La présence musulmane au Togo, datant de la période précoloniale et renforcée durant la domination coloniale, est en pleine croissance selon les résultats censitaires et démographiques. Alors que la masse des adeptes était estimée à 11,6% lors du deuxième dénombrement de la population en 1970, elle
a significativement grimpé à 16,1% en quatre décennies. Cette montée fulgurante des croyants d’Allah témoigne de la propagation rapide de l’Islam, présent dans toutes les régions. Hormis la zone centrale, foyer historique de cette religion, d’autres concentrations sont signalées, notamment dans la partie méridionale comme Kpalimé. Cette ville bénéficie de la promotion des ONG islamiques qui se multiplient de façon fulgurante, favorisant l’émergence de riches Oulémas, tel Alfa Mohamed Abdoulai Yollo, influent dans différents domaines, malgré son statut migratoire. L’analyse de son parcours et de ses actions de domination mérite une étude approfondie, en utilisant une méthodologie historique malgré l'ancrage sociologique de la thématique. Cette étude décrira la trajectoire de ce prédicateur devenu responsable d’une puissante organisation, ainsi que son émergence et son mode de fonctionnement, pour élucider ses réalisations et formes de domination.

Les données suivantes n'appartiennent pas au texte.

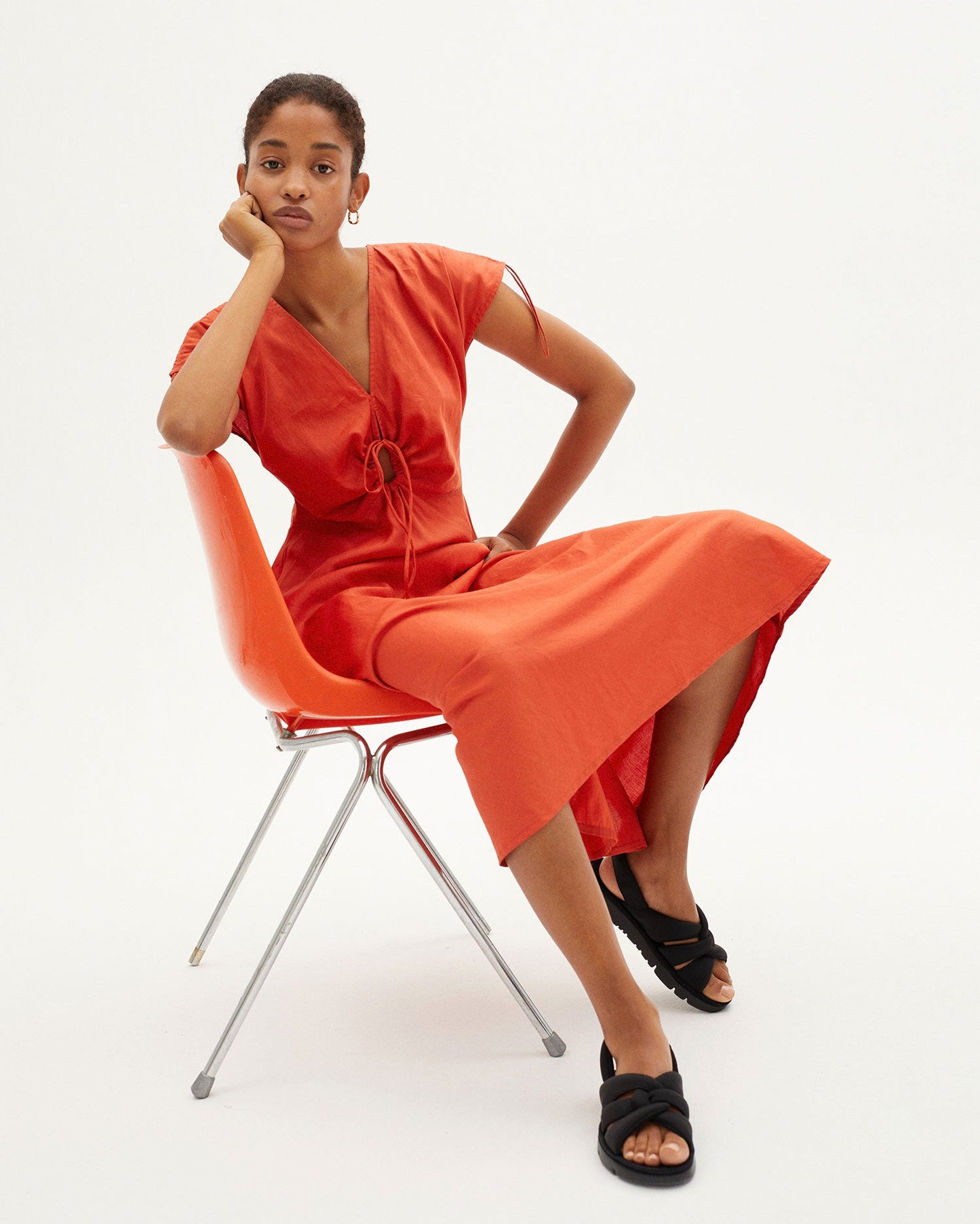 Robe longue orange en tencel - ORANGE LAIA DRESS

Entre Tradition et Modernité : Les défis de l'institutionnalisation des daara (écoles coraniques) au Sénégal

Mouhamed Gueye

Notre communication explore les enjeux de l'institutionnalisation et de la modernisation des daara au Sénégal, mettant en lumière les tensions inhérentes à cette politique publique. Les écoles coraniques traditionnelles jouent un rôle central dans la société sénégalaise, mais sont soumises à des pressions
modernisatrices et institutionnelles. Nous examinons l'impact de l'institutionnalisation sur l'ancrage territorial et social des daara, ainsi que sur leur structure traditionnelle, leurs méthodes d'enseignement et leur gestion. Nous étudions également les réponses des acteurs religieux à ces changements, soulignant les tensions potentielles avec les politiques publiques. Enfin, nous analysons les tensions politiques découlant de cette politique, notamment les réactions de la société civile, de la communauté internationale et les défis liés à la mise en œuvre. Notre objectif est de contribuer à la compréhension des complexités entourant l'institutionnalisation des daara et son interaction avec les dynamiques sociétales, éducatives et religieuses du Sénégal.

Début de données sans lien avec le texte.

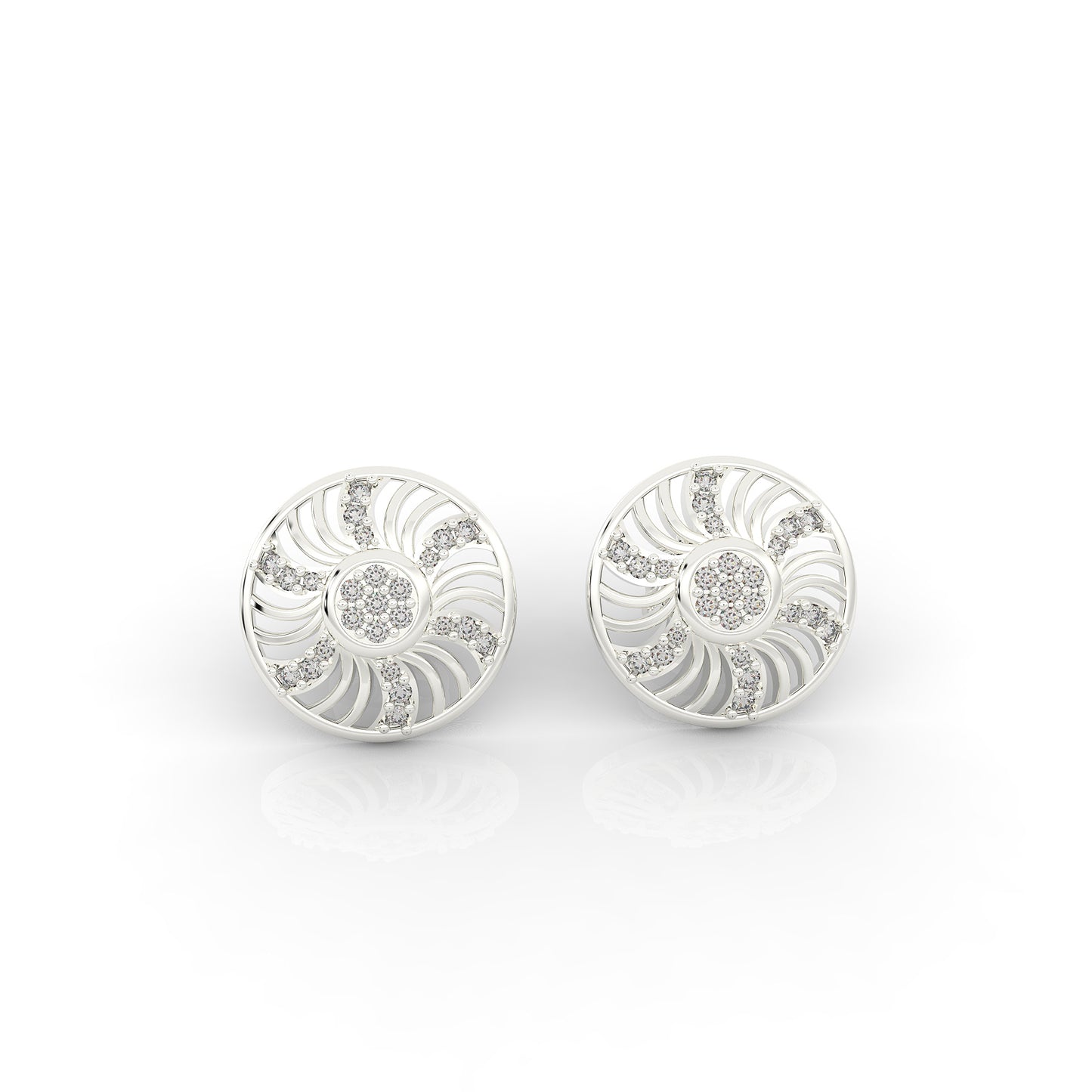 Diamond Studded Vintage Swirl 92.5 Silver Earrings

Enjeux et perspectives de la modernisation de l’enseignement traditionnel marocain

Jean-François Bruneaud

Au Maroc, après avoir porté plusieurs dénominations au cours du temps, l’enseignement actuellement désigné de traditionnel (El Alaoui, 2018, p.268), prend naissance au IXe siècle avec l’édification à Fès de la prestigieuse Université Al Quaraouiyine fondée par Fatima Al-Fihrya en 857. Cet enseignement traditionnel (talim-al-atiq) qui a persisté jusqu’à nos jours (Lahlou, 2017, p.2), n’a guère été remis en cause dans ses fonctions essentielles d’apprentissage et d’étude du Coran, de la langue arabe et des diverses disciplines religieuses. Il en va de même pour sa mission de transmission de la culture et des valeurs éthiques fondées sur les principes fondamentaux de la religion musulmane et sur l’apprentissage de la langue arabe. Aujourd’hui, l’enseignement traditionnel se veut garant de la préservation et de la transmission d’un islam du juste milieu en grande partie constitutif de l’identité culturelle et nationale
marocaine. Mais, basé sur des méthodes d’enseignement ancestrales transmises de génération en génération, son efficience a été interrogée lorsque, aux lendemains de l’indépendance en 1956, l’État marocain s’est engagé dans un processus de réforme et de modernisation de son système éducatif. Dès lors, la question de la pertinence et de l’efficacité de l’enseignement traditionnel face au modèle éducatif moderne s’est posée de façon cruciale. C’est ce processus réformateur, à la croisée de la préservation et du dépassement de la tradition qui sera présenté dans le cadre de cette communication.